Spokespeople for the committee did not respond to multiple requests for comment. Johnston showed Rolling Stone copies of communications with the committee indicating his next interview is set to take place on March 28. Investigators also asked Johnston to provide them with any “corroboration” he might have for his claims regarding “the use of a prepaid phone or the purchase of the phone in California” by the Kremers. During his communications with investigators, Johnston says he was reminded of the penalties for making false statements to Congress and informed that other committee witnesses have denied burner phones were used. A source familiar with the investigation has told Rolling Stone that Amy Kremer denied using burner phones to committee investigators.
Chris Barron, a spokesperson for Amy and Kylie Kremer, offered a terse emailed response to a question about Johnston talking to the committee.
“We hope he tells the truth. Lying to Congress is a crime,” Barron wrote of Johnston.
In a FaceTime call, Johnston showed Rolling Stone text messages he received from Kylie Kremer that he said he had provided to the committee. The messages appeared to be part of extensive communications between Johnston’s phone and a number used by Kremer. Johnston also displayed what appeared to be a history of messages with a number connected to Amy Kremer.
One of the texts Johnston provided to the committee showed Kremer writing to a March for Trump group on Jan. 3, 2021, to say that she and another organizer were “overwhelmed with our phones.” A second text was dated Jan. 15, 2021. The latter message showed Kremer telling Johnston, “I’ll call Greg if I need a bat phone.” Johnston said this was referring to Greg Kurbatoff, a March for Trump security consultant, and that “bat phone” was a euphemism for a burner.
“Even though it was coy, she was still alluding that there were other phones,” Johnston said of Kremer.
In a phone call with Rolling Stone on Friday afternoon, Kurbatoff said there was “nothing at all that was underhanded” about the Kremers’ rally on Jan. 6. Kurbatoff specifically said he gets “a little upset” about allegations the pair were involved in plans to stage a march on the Capitol building.

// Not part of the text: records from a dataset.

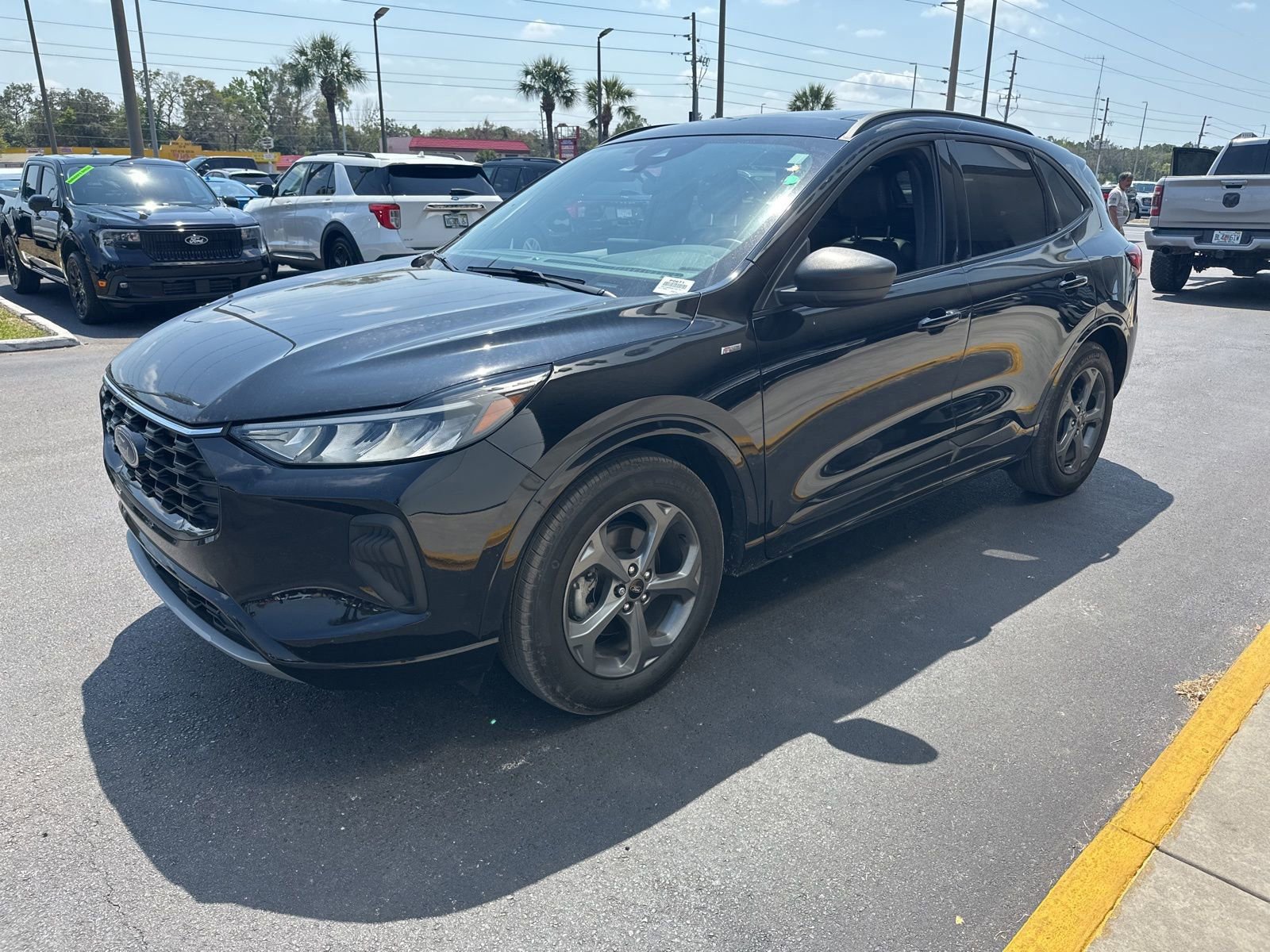 Certified 2024 Ford Escape ST-Line w/ Tech Pack #1 image 8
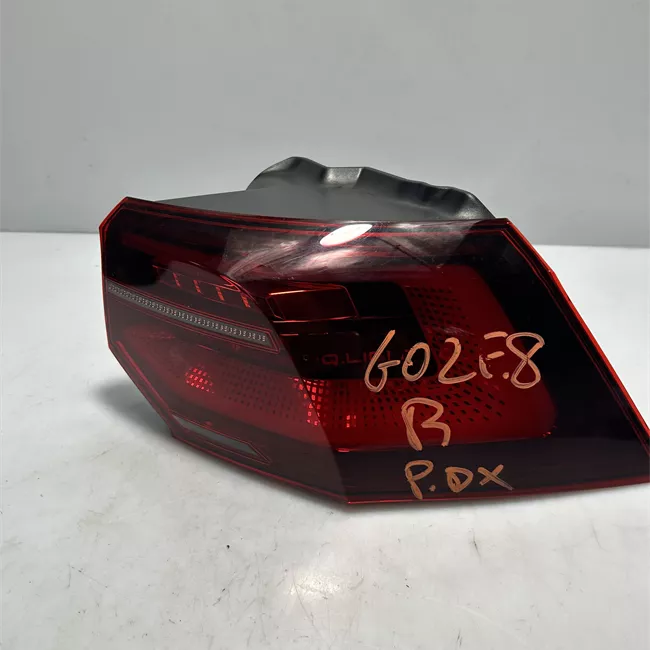 Fanale posteriore parte esterno destro Led con indicatore direzione animato
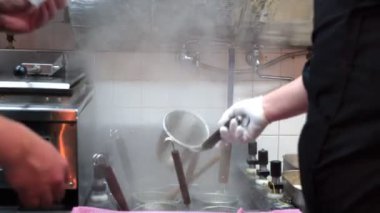 Kyoto 'da bir erişte restoranında bir şef yumurta pişiriyor.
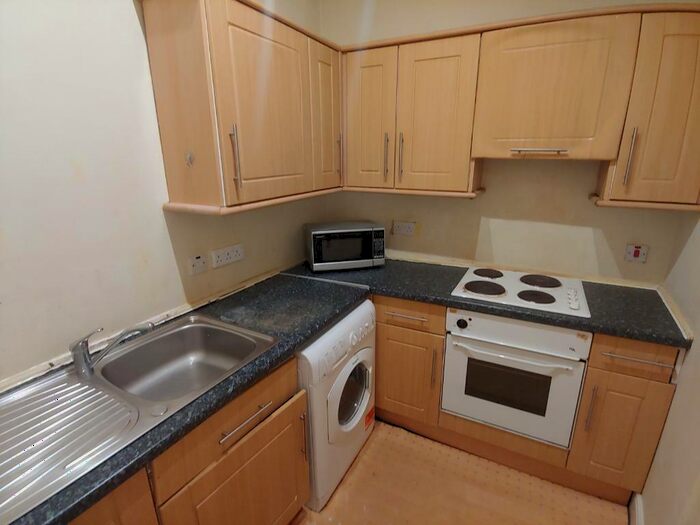 3 Bedroom Flat To Rent In Roseneath Place, Marchmont, Edinburgh, EH9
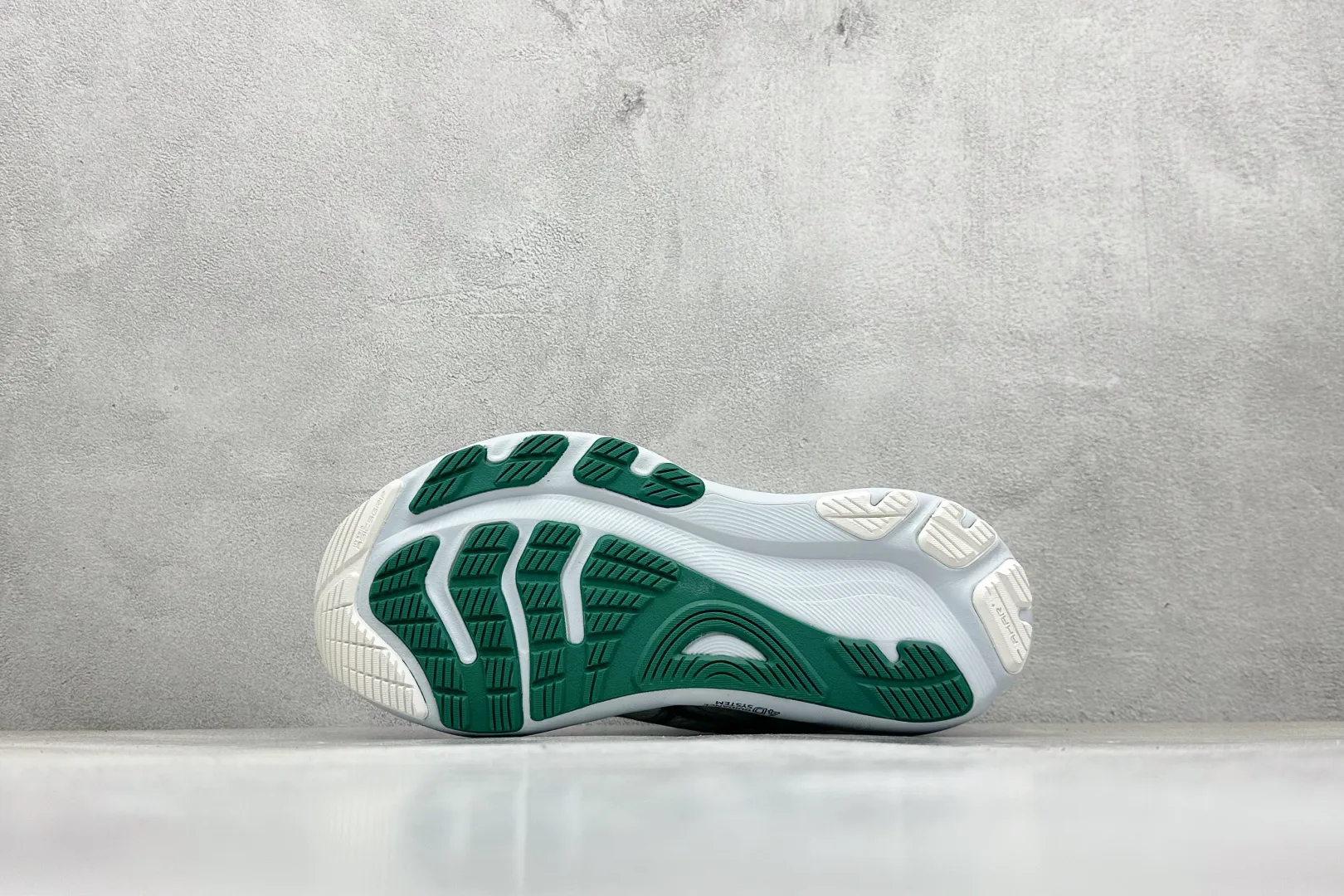 ASICS Gel-Kayano 31 White Green Replica Sneakers – High Quality ASICS Running Replicas Stylish 622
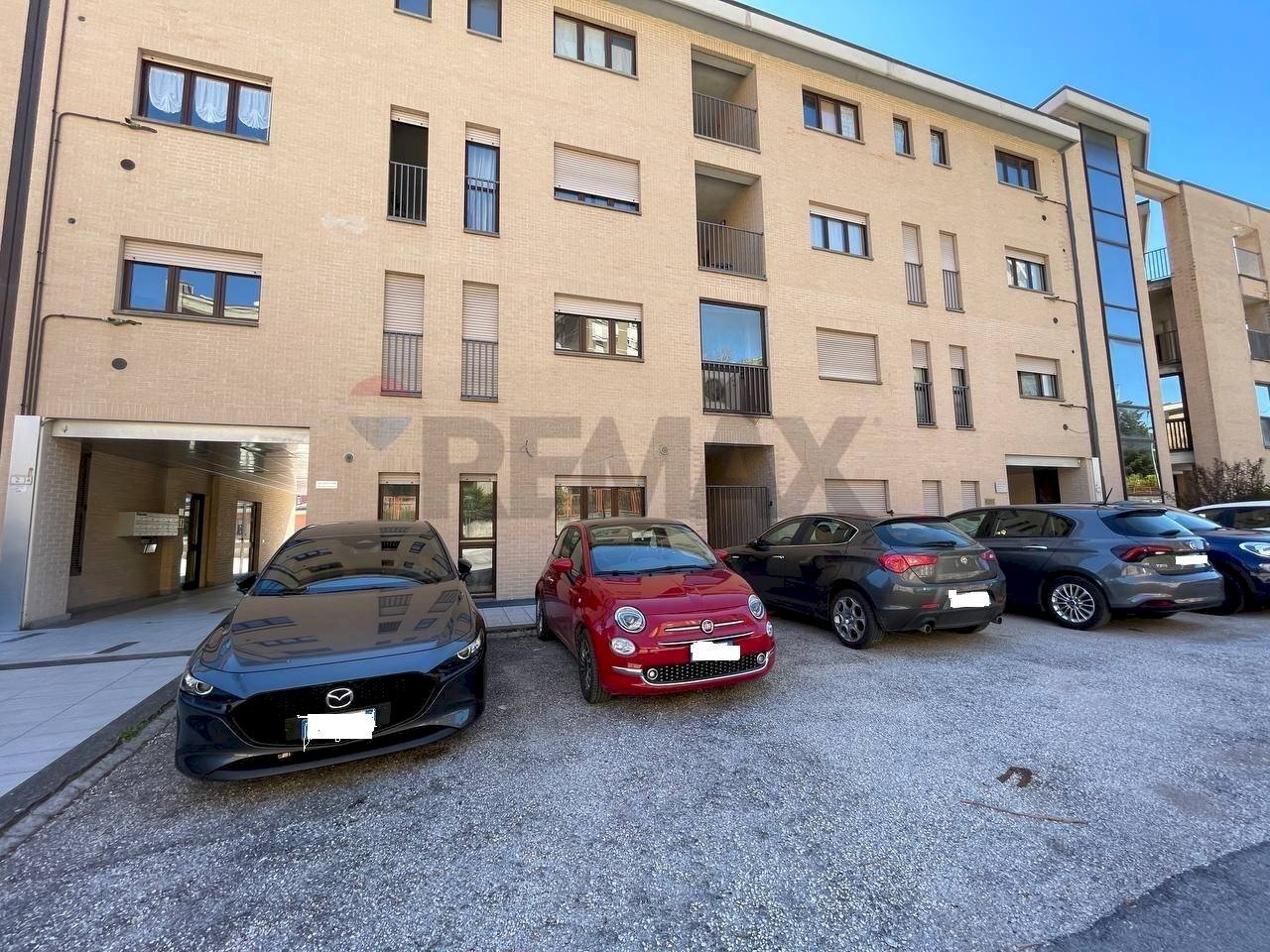 Edificio all\'aperto - Locale Commerciale Via A. Colagrande
 
2/B, L'Aquila - foto 1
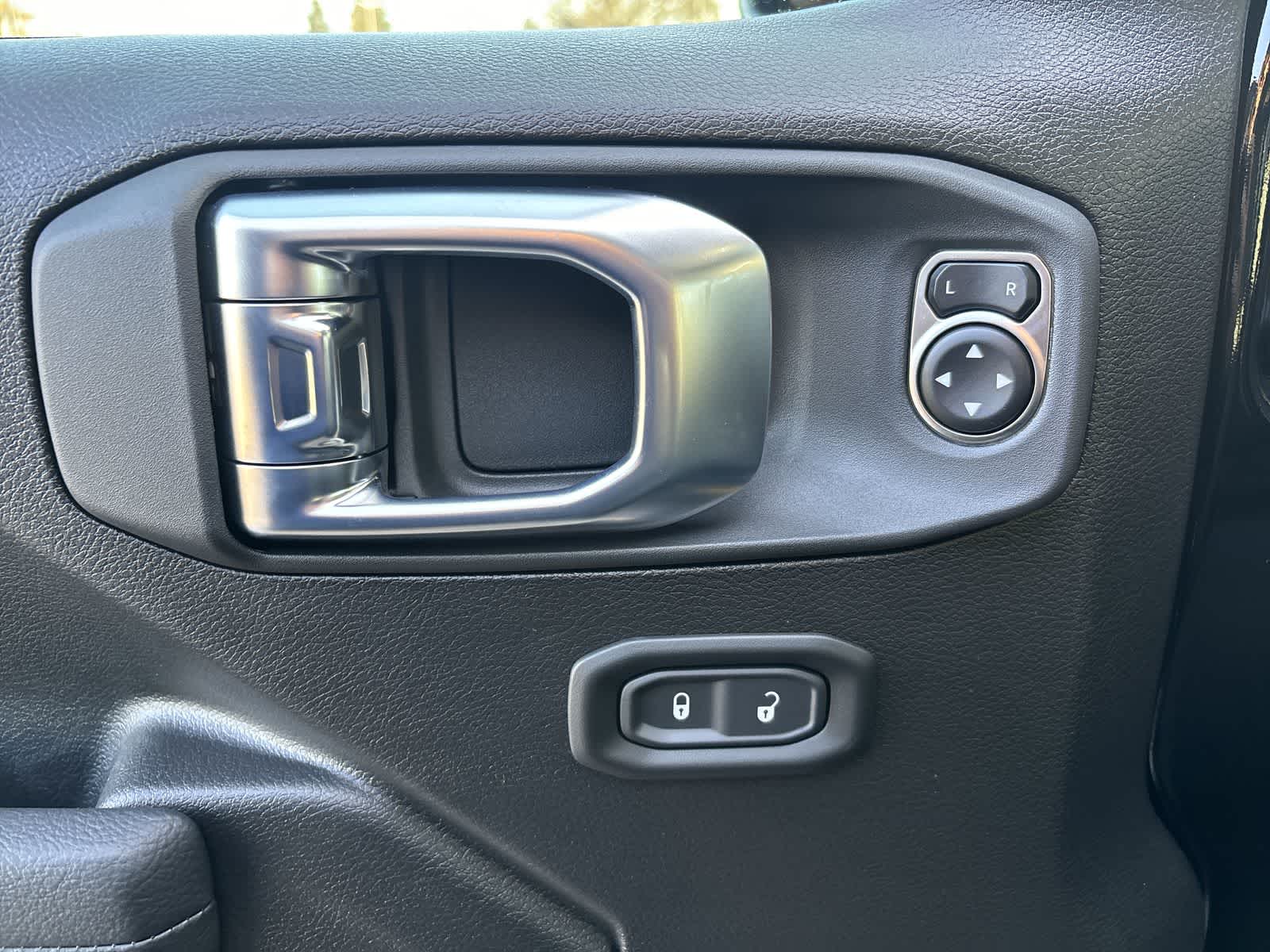 Thumbnail: 2026 Jeep Wrangler - 9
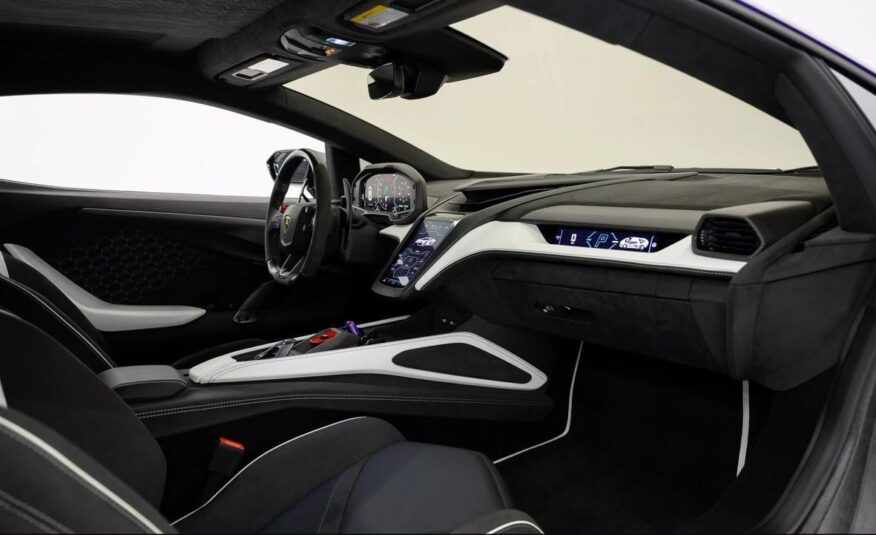 2024 Lamborghini Revuelto AWD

“Amy and Kylie, we all were on the same page the day of the sixth, under no circumstances do we exercise anything with the Capitol because our permit specifically said … there will be nothing going to the Capitol. It was not for the Capitol, it was just for the Ellipse. You know, it was a successful event. Afterwards, you know, that just — you know, that’s history,” Kurbatoff explained, his voice trailing off as he acknowledged the violence that followed the rally.
Kurbatoff said he never saw the Kremers use “burner phones.” He attributed allegations the devices were used to people involved with the group who were “upset” they didn’t get to appear on the rally stage or weren’t paid more for their work.
“As far as burner phones, I’m not sure what the burner phones would have been used for because there was nothing nefarious going on,” Kurbatoff said. “I think you’ve got a couple people that have been scorned.… There’s some people that got scorned, and they were upset that they didn’t get their 15 minutes.”
Johnston said his text-message conversations with the Kremers stopped by March 15 of last year. On that day, in one of the March for Trump group chats, Johnston complained to the Kremers about an order of MyPillows — the brand headed by Trump ally Mike Lindell — that rally organizers were supposed to receive.
The dispute descended into Johnston accusing Kremer of taking him on a “weird and inappropriate” trip to go “bra shopping.” It appears Kremer subsequently removed him from the group chat.
“That was the last communication I ever had with Kylie Kremer,” Johnston said.